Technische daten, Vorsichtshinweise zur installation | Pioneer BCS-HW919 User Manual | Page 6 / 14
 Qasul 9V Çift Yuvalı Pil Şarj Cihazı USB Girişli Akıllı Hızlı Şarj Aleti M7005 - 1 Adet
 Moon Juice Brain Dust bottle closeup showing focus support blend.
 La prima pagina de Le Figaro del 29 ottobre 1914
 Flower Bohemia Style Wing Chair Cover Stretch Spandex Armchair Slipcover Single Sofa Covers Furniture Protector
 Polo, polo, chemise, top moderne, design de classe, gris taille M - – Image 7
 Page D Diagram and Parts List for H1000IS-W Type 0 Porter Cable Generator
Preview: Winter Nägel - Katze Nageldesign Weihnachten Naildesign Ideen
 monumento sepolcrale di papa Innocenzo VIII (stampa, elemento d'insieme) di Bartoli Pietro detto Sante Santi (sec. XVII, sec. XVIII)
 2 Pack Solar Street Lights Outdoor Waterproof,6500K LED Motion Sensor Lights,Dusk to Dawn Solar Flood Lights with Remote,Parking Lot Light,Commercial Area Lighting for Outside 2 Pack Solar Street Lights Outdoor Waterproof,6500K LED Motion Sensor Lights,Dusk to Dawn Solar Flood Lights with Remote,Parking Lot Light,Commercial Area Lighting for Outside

- What the task asks -
State the count of lines in the data holding the word "Page", adding nothing to it.

- Answer below -
2